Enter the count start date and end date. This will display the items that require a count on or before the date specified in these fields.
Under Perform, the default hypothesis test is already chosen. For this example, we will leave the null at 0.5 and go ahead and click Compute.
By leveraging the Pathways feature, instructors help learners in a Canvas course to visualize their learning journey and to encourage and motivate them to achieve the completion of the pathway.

════

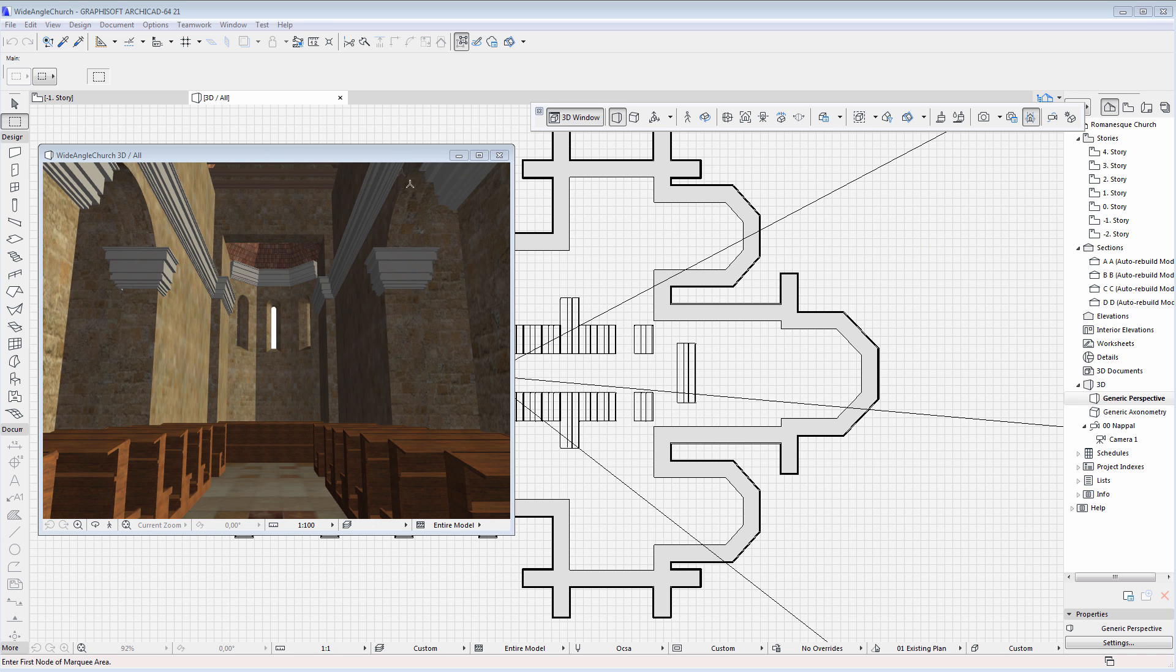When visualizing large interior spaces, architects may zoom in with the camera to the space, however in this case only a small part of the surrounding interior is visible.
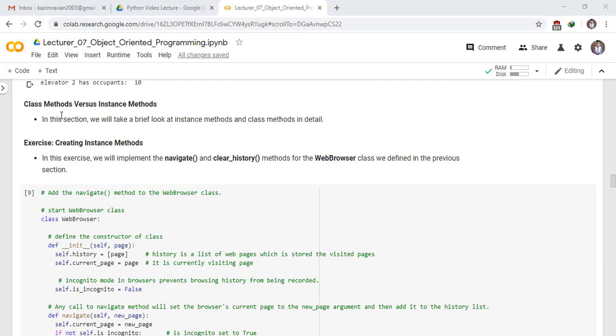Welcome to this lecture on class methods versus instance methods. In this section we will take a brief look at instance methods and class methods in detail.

════

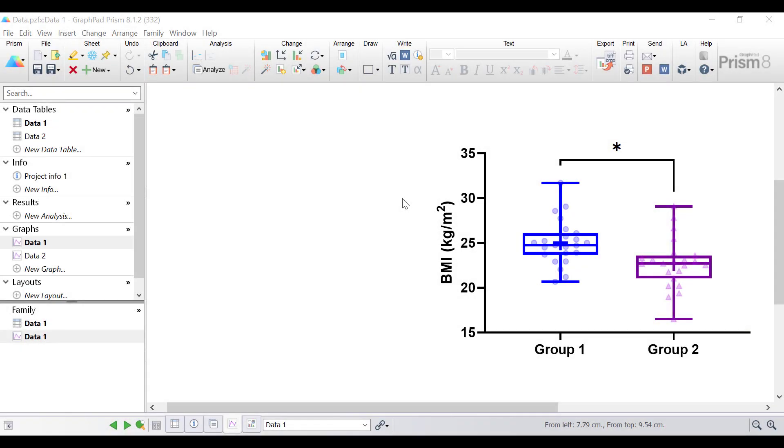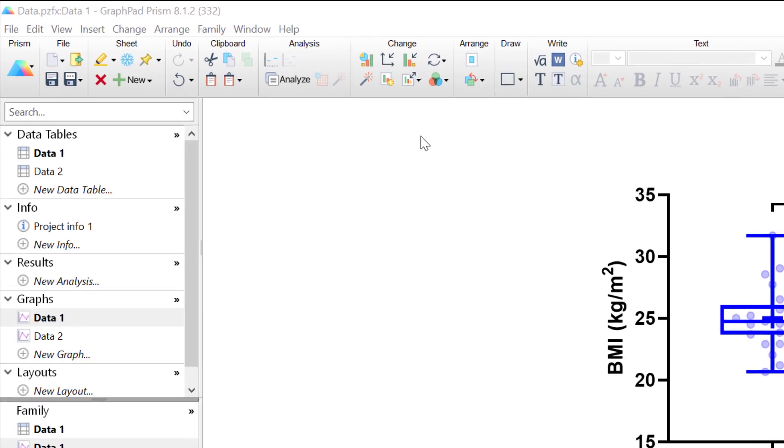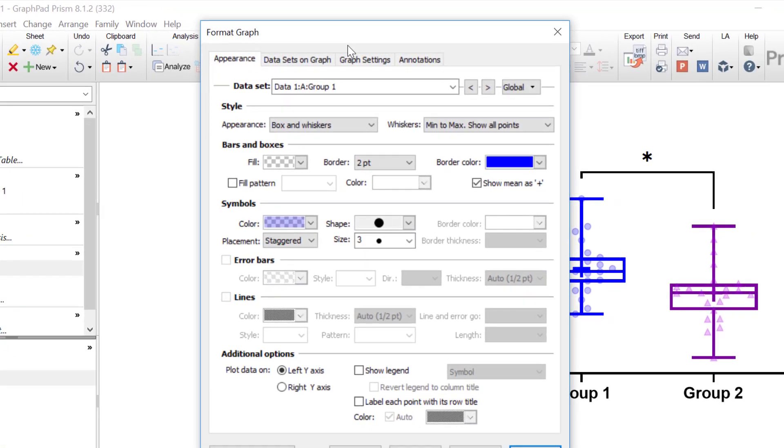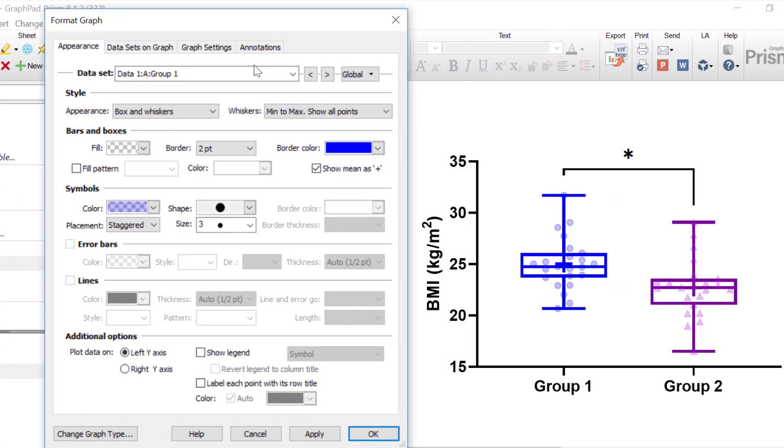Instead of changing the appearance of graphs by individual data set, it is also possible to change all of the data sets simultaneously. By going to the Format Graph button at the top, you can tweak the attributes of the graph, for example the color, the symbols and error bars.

════

_Instructions to follow_
In the entries above, find the line holding "Under Perform, the" and the line holding "By leveraging the", then retype exactly those two lines and every line between them, and nothing else.

_Response area_
Under Perform, the default hypothesis test is already chosen. For this example, we will leave the null at 0.5 and go ahead and click Compute.
By leveraging the Pathways feature, instructors help learners in a Canvas course to visualize their learning journey and to encourage and motivate them to achieve the completion of the pathway.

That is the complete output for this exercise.